The {brickster}
package connects to a Databricks
workspace is two ways:
It’s recommended to use option (1) when using
{brickster}
interactively, if you need to run code via an
automated process the only option currently is (2).
{brickster}
will automatically detect when a session has
Posit
Workbench managed Databricks OAuth credentials enabled. For more
information about this authentication flow see the section Posit
Workbench Managed Databricks OAuth Credentials.
Personal Access Tokens can be generated in a few steps, for a step-by-step breakdown refer to the documentation.

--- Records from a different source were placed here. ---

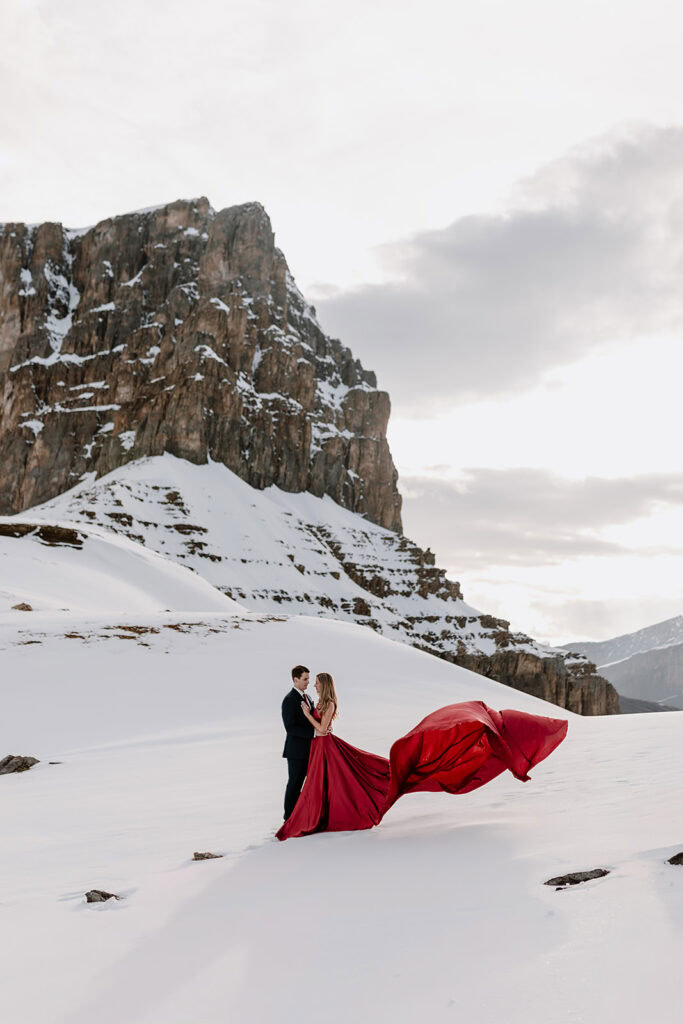 Bride and groom to be standing on a snowy mountain top on their photoshoot in Banff. she wearing a red dress with long flowy train and he's wearing a suit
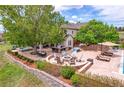 Beautifully landscaped backyard with built-in fire pit and outdoor seating at 7818 S Zeno St, Centennial, CO 80016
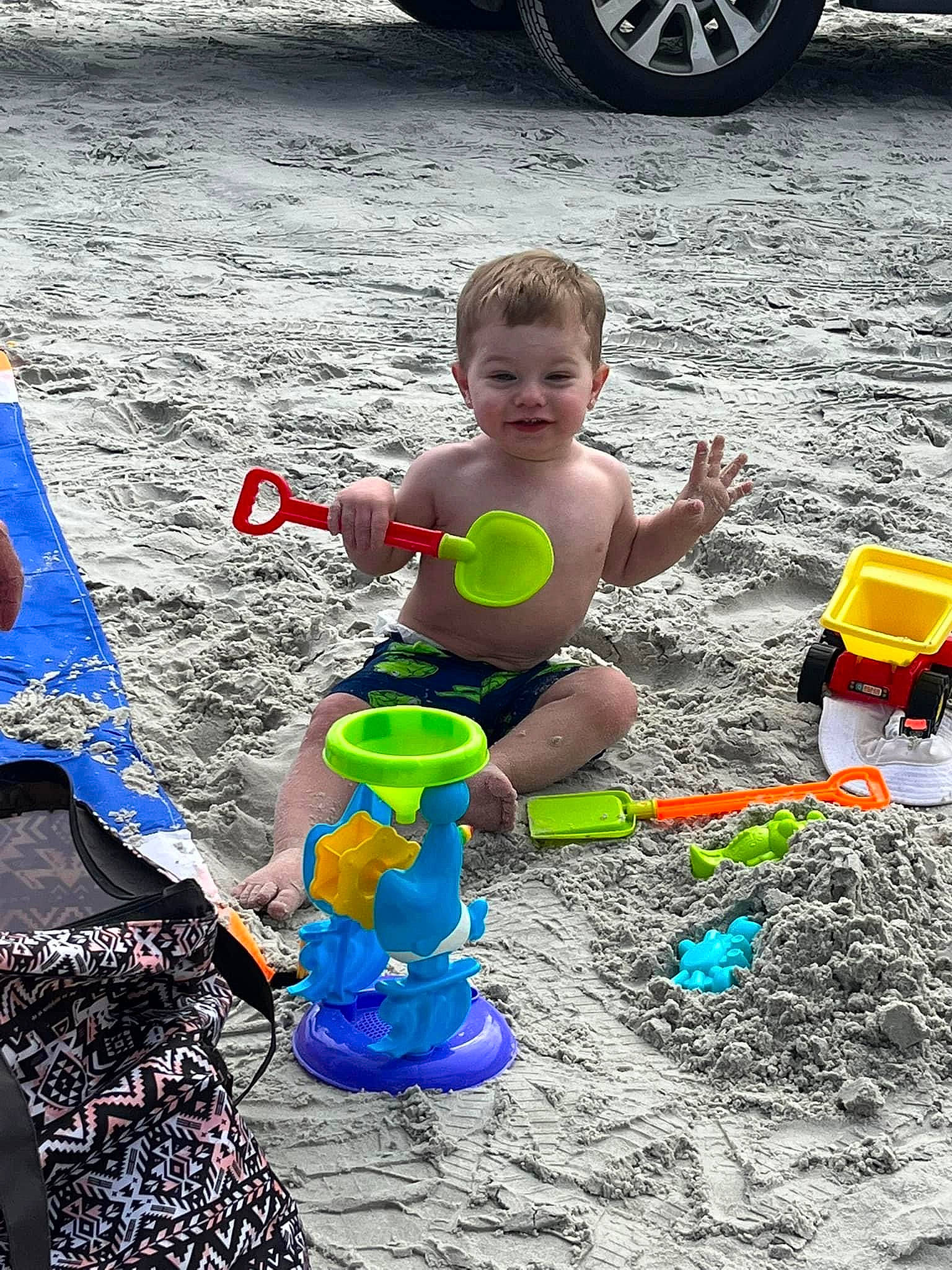 Kamren is registered to the contest to win money with this photo: automotive_tire, baby, child, event, fun, happy, joy, leisure, people, person, plastic, play, recreation, sand, smile, summer, tire, toddler, toy, vehicle_door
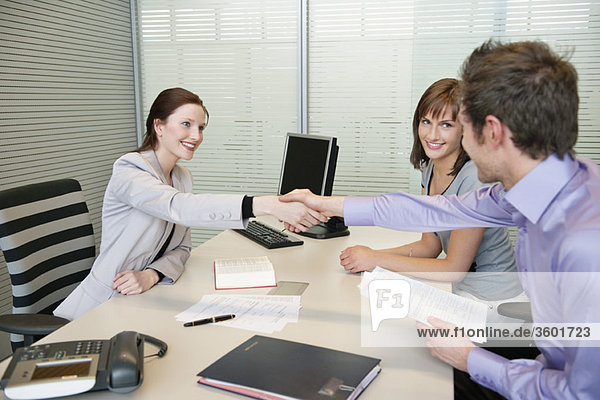 Female real estate agent shaking hands with a couple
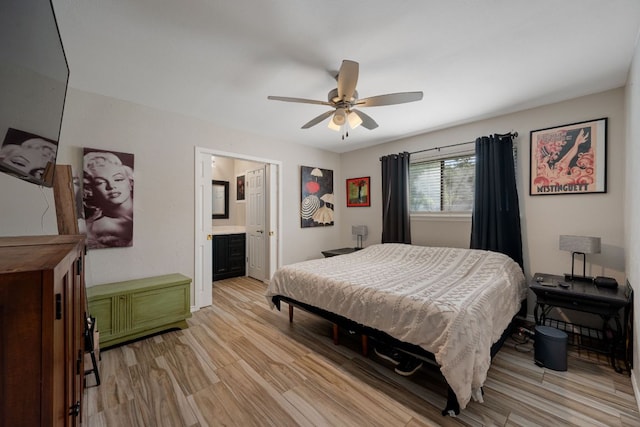 1300 Neans Dr, Austin, TX 78758 - bedroom with light wood-style flooring, a ceiling fan, and connected bathroom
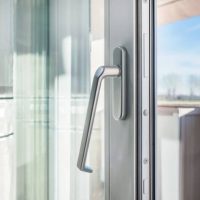 Closeup of PVC window with white metal frame and handle installed at house, view on blurred trees and sky. Household concepts.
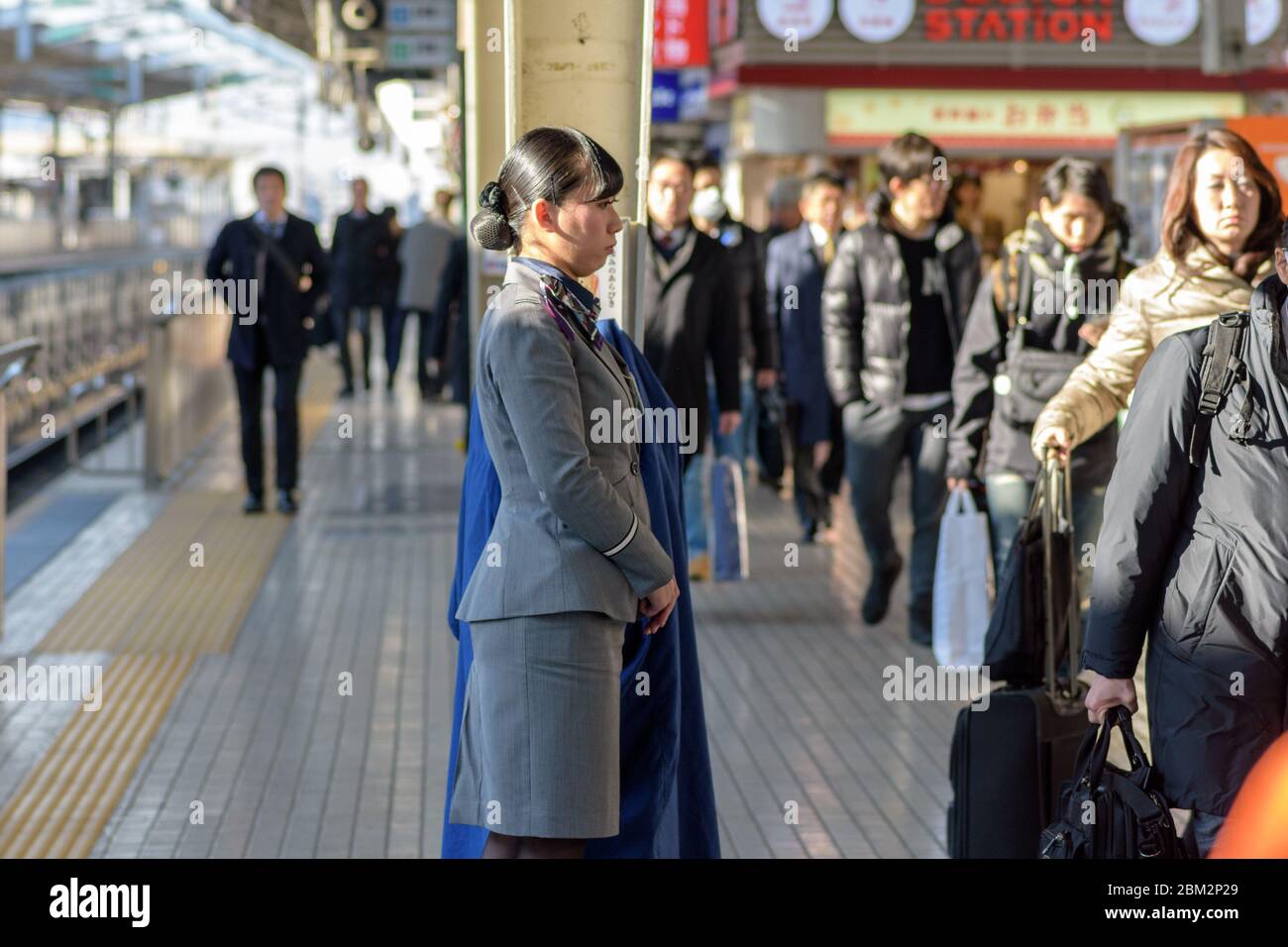 Osaka / Japan - December 20, 2017: Female train attendant standing at Shin-Osaka Railway Station, while passengers are waiting in line to board the sh Stock Photo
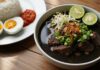 Resep Rawon Sapi Sederhana dengan Bumbu Rempah Lengkap Semangkuk Rawon Sapi hangat dengan taburan bawang goreng dan irisan jeruk nipis, disajikan dengan nasi dan telur rebus.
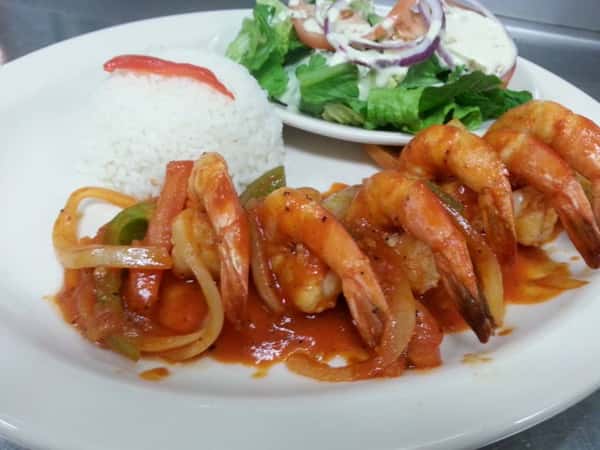 Shrimp lined up on a white plate with scoop of rice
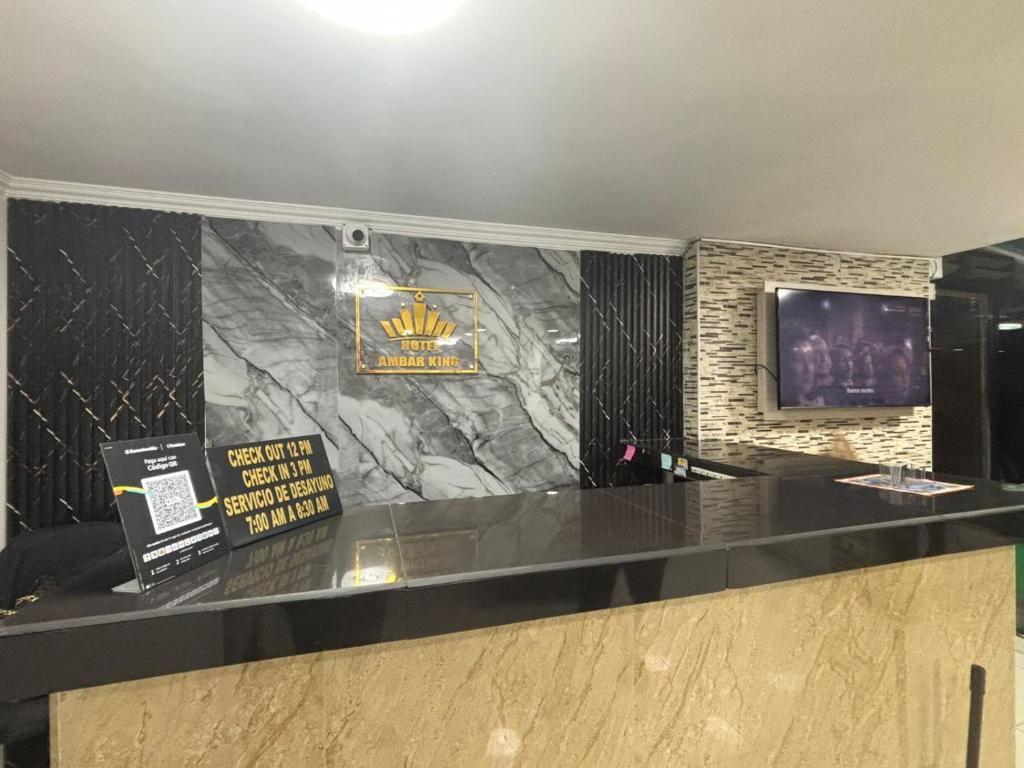 a lobby with a black counter and a television at Hotel AMBAR KING in Bogotá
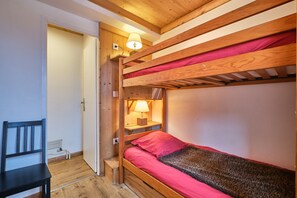A bunk bed with a red mattress, a wooden chair, and a lamp on a bedside table.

Once you have a token you’ll be able to store it alongside the
workspace URL in an .Renviron
file. The
.Renviron
is used for storing the variables, such as those
which may be sensitive (e.g. credentials) and de-couple them from the
code additional
reading.
To get started add the following to your .Renviron
:
DATABRICKS_HOST
: The workspace URL
DATABRICKS_TOKEN
: Personal access token (not
required if using OAuth U2M)
DATABRICKS_WSID
: The workspace ID (docs)
DATABRICKS_WSID
is only required for the RStudio IDE
integration with the connection pane.
Example of entries in .Renviron
:
DATABRICKS_HOST=xxxxxxx.cloud.databricks.com
DATABRICKS_TOKEN=dapi123456789012345678a9bc01234defg5
DATABRICKS_WSID=123123123123123
Note: Recommend creating an .Renviron
for each project. You can create .Renviron
within your user
home directory if required.
Restarting your R session will allow those variable to be picked up
via the {brickster}
package.
{brickster}
Authentication should now be possible without specifying the
credentials in your R code. You can load {brickster}
and
list the clusters within the workspace using
db_cluster_list()
, to access the host/token use
db_host()
/db_token()
respectively.
library(brickster)
# using db_host() and db_token() to get credentials
clusters <- db_cluster_list(host = db_host(), token = db_token())
All {brickster}
functions have their host/token
parameters default to calling
db_host()
/db_token()
therefore we can omit
explicit calls to the functions.
When using OAuth U2M authentication you don’t define a token in
.Renviron
and therefore db_token()
will return
NULL
.
There are two methods that {brickster}
supports to
simplify switching of credentials within an R project/session:
.Renviron
, each
additional set of credentials is differentiated via a suffix
(e.g. DATABRICKS_TOKEN_DEV
).databrickscfg
file (primary method in Databricks
CLI)To differentiate between (1) and (2) the option
use_databrickscfg
is used, the following example shows how
to switch the session to use .databrickscfg
.
# will use the `DEFAULT` profile in `.databrickscfg`
options(use_databrickscfg = TRUE)
# values returned should be those in profile of `.databrickscfg`
db_host()
db_token()
The default behaviour is to read credentials from
.Renviron
. If you wish to change this it’s recommended to
set the option within .Rprofile
so that it’s set during
initialization of the R session.
The db_profile
option controls which profiles
credentials are returned by
db_host()
/db_token()
/db_wsid()
.
Profiles enable you to switch contexts between:
Different workspaces (e.g. development or production)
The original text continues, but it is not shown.